O problema é que, nas circunstâncias concretas das democracias contemporâneas, os mecanismos de accountability tendem a funcionar mal. Uma participação política restrita ao voto nas eleições não fornece estímulo suficiente para a qualificação dos constituintes, que assim ficam despreparados para a interlocução com seus representantes. O fluxo de informações também tende a ser defeituoso, refletindo os filtros da mídia. Os representantes são estimulados a prestar contas prioritariamente a detentores de recursos importantes (financiadores de campanha, os próprios meios de comunicação), em vez de prestá-las aos seus eleitores.
Enfim, há o fato de que a representação política é multifuncional, ao passo que o voto, que é no final das contas a única forma que o eleitor tem de indicar seu veredito sobre o comportamento do representante, é pouco expressivo. No exercício de suas funções, o representante decide sobre uma multiplicidade de questões (política econômica, política externa, política ambiental, política trabalhista, política educacional etc.). O eleitor deveria colocar tudo na balança, dar o devido peso a cada item, chegar a uma resultante e expressá-la com seu único voto, o que constitui uma tarefa quase impossível.
Os ruídos na relação entre representante e representado, porém, são diferenciados de acordo com a posição social. Os grupos subalternos são aqueles que se encontram mais distanciados dos espaços de exercício do poder, aqueles que têm menos familiaridade com o vocabulário e a sintaxe da política. Muitas vezes, adotam como representantes pessoas oriundas de outras posições sociais, exatamente porque tais pessoas transitam melhor nos espaços de exercício de poder. Mesmo seus próprios integrantes, caso se tornem representantes políticos, são catapultados para outro universo social e tendem a adotar um novo modo de vida. Em todos os casos, o fosso entre representantes e representados acaba sendo maior. Ou seja: o ruído que a representação política impõe à expressão dos interesses dos representados costuma ser tanto mais significativo quanto mais eles estão afastados das posições sociais privilegiadas.
O impacto das desigualdades ocorre por diferentes vias. Em primeiro lugar, a possibilidade de intervenção eficaz no processo político depende de recursos materiais que estão desigualmente distribuídos. Dinheiro significa possibilidade de acesso direto aos líderes políticos por meios como o financiamento de campanhas eleitorais, o lobby, o controle dos meios de comunicação de massa ou mesmo a corrupção. Trabalhadores controlam menos riquezas do que patrões – por isso, já largam atrás na competição por influência política.

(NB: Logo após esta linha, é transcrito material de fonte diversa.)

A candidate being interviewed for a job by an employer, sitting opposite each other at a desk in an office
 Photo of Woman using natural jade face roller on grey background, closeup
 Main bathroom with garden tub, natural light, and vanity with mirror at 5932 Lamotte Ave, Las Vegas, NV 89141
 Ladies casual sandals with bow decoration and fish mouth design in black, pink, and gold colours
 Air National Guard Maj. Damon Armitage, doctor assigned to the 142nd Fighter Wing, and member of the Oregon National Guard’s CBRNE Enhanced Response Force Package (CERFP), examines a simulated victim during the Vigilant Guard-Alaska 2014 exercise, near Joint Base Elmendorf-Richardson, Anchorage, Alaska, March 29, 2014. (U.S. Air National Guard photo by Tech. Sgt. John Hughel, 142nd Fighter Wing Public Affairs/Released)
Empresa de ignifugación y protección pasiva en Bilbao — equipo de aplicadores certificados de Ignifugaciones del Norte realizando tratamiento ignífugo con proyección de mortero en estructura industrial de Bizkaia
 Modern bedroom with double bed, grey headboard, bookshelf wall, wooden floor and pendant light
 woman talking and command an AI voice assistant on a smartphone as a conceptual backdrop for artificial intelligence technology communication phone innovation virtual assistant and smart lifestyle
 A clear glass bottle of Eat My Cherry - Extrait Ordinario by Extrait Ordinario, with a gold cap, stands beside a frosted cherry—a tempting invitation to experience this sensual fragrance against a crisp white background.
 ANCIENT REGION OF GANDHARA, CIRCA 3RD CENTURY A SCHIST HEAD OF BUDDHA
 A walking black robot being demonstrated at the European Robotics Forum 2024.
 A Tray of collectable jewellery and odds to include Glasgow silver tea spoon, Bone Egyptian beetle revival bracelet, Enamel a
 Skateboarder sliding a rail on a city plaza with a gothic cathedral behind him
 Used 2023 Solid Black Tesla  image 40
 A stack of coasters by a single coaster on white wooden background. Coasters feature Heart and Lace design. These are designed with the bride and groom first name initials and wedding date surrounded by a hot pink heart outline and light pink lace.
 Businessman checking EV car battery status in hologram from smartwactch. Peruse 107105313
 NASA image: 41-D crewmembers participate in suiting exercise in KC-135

Na verdade, mesmo na ausência de tais tentativas deliberadas de influência sobre os tomadores de decisão, numa economia capitalista os controladores dos meios de produção estão em situação de vantagem política. Eles definem o nível de investimento econômico, que por sua vez impacta a arrecadação de impostos, que é o financiamento necessário para a sobrevivência do próprio Estado. Por isso, mesmo na ausência de pressões expressas, os gestores do Estado precisam estar atentos aos interesses do capital.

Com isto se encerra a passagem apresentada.